A.1 Hyperparameter Sweep

We find that the choice of hyperparameters of the four attack algorithms plays an important role in their effectiveness, and it is not clear how an attacker would know apriori how to choose such hyperparameters. In reality, the adversary would benefit from spending some queries to tune the hyperparameters on a few samples. Coming up with the most efficient tuning algorithm is outside of the scope of this work. Nonetheless, we account for this effect by repeating all experiments with multiple choices of hyperparameters and reporting the results with both the best sets throughout the paper. We include some of the results with both the best and the default hyperparameters for comparisons in Table 6, Table 9, and Table 8.

For Boundary attack, we sweep the two choices of step size, one along the direction towards the original input and the other in the orthogonal direction. The default values are $(0.01,0.01)$ , respectively, and the swept values are $(0.1,0.01)$ , $(0.001,0.01)$ , $(0.01,0.1)$ , and $(0.01,0.001)$ .

For Sign-OPT attack, we consider the update step size $\alpha$ and the gradient estimate step size $\beta$ . Their default values are $(0.2,0.001)$ respectively, and we sweep the following values: $(0.2,0.01)$ , $(0.2,0.0001)$ , $(0.02,0.001)$ , and $(2,0.01)$ .

We only tune one hyperparameter for HSJA and QEBA attacks but with the same number of settings (five) as the other two attacks above.

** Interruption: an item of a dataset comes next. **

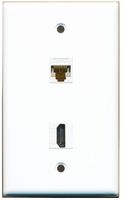 RiteAV - 1 Cat6 White Ethernet and 1 HDMI Port Wall Plate - White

For HSJA, we tune the update step size $\gamma$ by trying values of $10^{1}$ (default), $10^{2}$ , $10^{3}$ , $10^{4}$ , and $10^{5}$ . The optimal value of $\gamma$ is always at a higher range than $10^{1}$ , not smaller. Lastly, we search the ratio $r$ that controls the latent dimension that QEBA samples its random noise from for gradient approximation. We search over $r=2,4,8,16,32$ .

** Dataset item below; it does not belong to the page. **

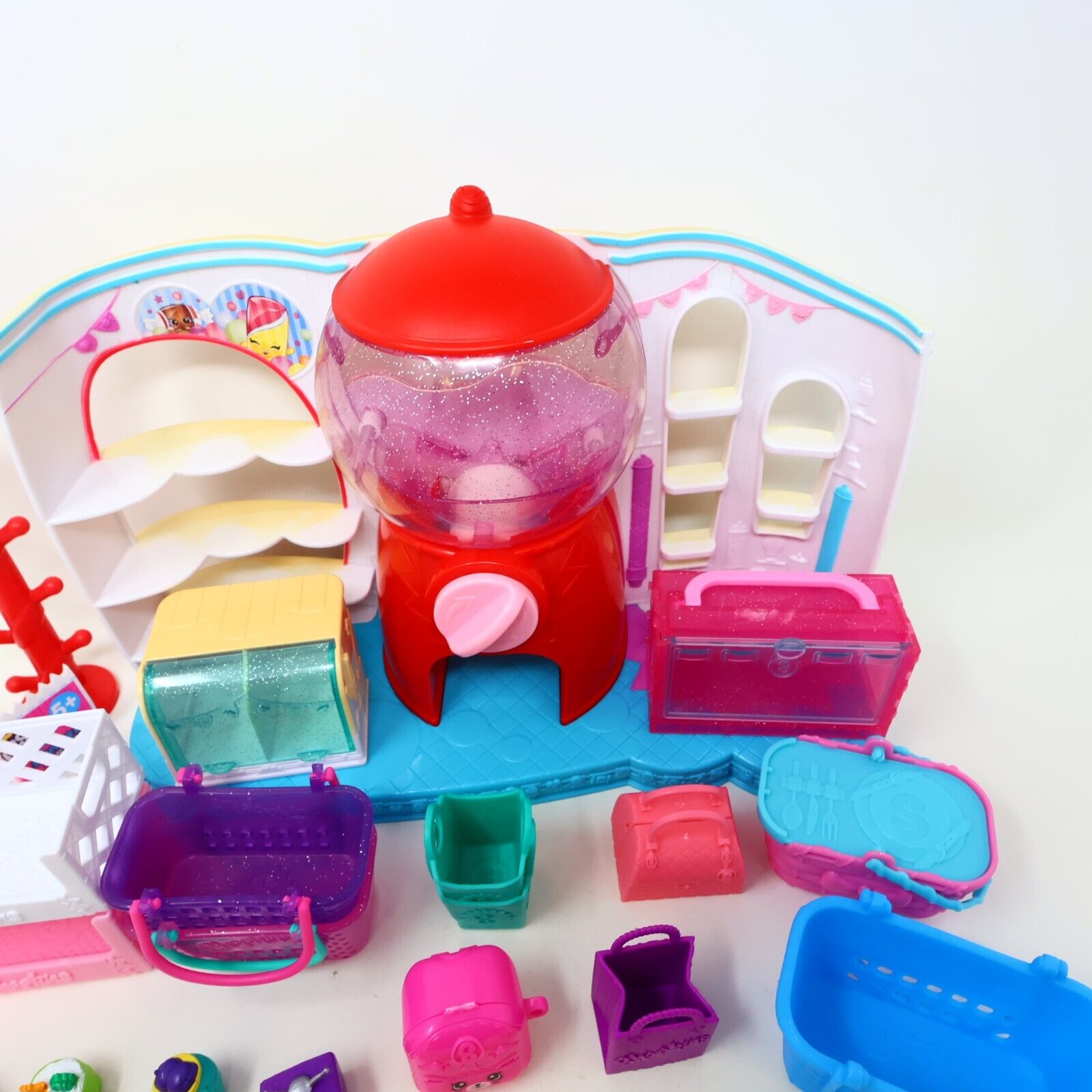 Lot of 20 Shopkins Figures + Sweet Spot Candy Shop Toys Baskets Mixed Moose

The observed trends and the recommended hyperparameters are discussed further below in Section E.2.

Appendix B Bypassing Attacks

Here, we provide additional details on the Bypassing Attack for cropping and resizing preprocessors.

B.1 Cropping Preprocessor

Attack Phase for Cropping.

To bypass the cropping transformation, the attacker simply submits an already cropped input and runs any query-based attack algorithm in the space $\operatorname{\mathbb{R}}^{s_{m}\times s_{m}}$ instead of $\operatorname{\mathbb{R}}^{s_{o}\times s_{o}}$ . Without any modification to the attack algorithm, it is able to operate directly on the model space as if there is no preprocessing.

Recovery Phase for Cropping.

In order for the adversarial example obtained from the attack phase to be useful in input space, the adversary still has to produce an adversarial example in the original space with the smallest possible Euclidean distance to the original input. It should be obvious that for cropping, this operation simply equates to padding this adversarial example with the original edge pixels.

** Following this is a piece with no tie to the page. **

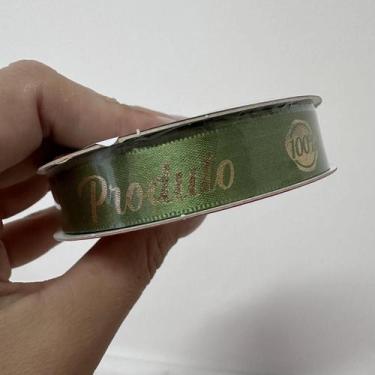 Imagem de Fita de Cetim 15 mm Verde Frase Produto 100% Artesanal 10 mt COR 478 F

Formal Definition of Cropping’s Recovery Phase.

We now formally describe what it means to crop an image. Given an input image of size $s_{o}\times s_{o}$ , a crop operation removes the edge pixels of any image larger than a specified size, denoted by $s_{m}\times s_{m}$ , such that the output has the size $s_{o}\times s_{o}$ . Given an (flattened) input image $x_{o}\in\operatorname{\mathbb{R}}^{s_{o}\times s_{o}}$ and the cropped image $x_{m}\in\operatorname{\mathbb{R}}^{s_{m}\times s_{m}}$ , we can write cropping as the following linear transformation, when $s_{o}>s_{m}$ ,

\displaystyle x_{m}

\displaystyle=M^{\mathrm{crop}}x_{o}

(8)

where $M^{\mathrm{crop}}\in\operatorname{\mathbb{R}}^{s_{o}^{2}\times s_{m}^{2}}$ is a sparse binary matrix. Each row of $M^{\mathrm{crop}}$ has exactly one entry being $1$ at a position of the corresponding non-edge pixel while the rest are $0$ . Note that we drop the “color-channel” dimension for simplicity since most of the preprocessors in this paper is applied channel-wise. We are only interested in the scenario when $s_{o}>s_{m}$ because otherwise, the preprocessing simply becomes an identity function.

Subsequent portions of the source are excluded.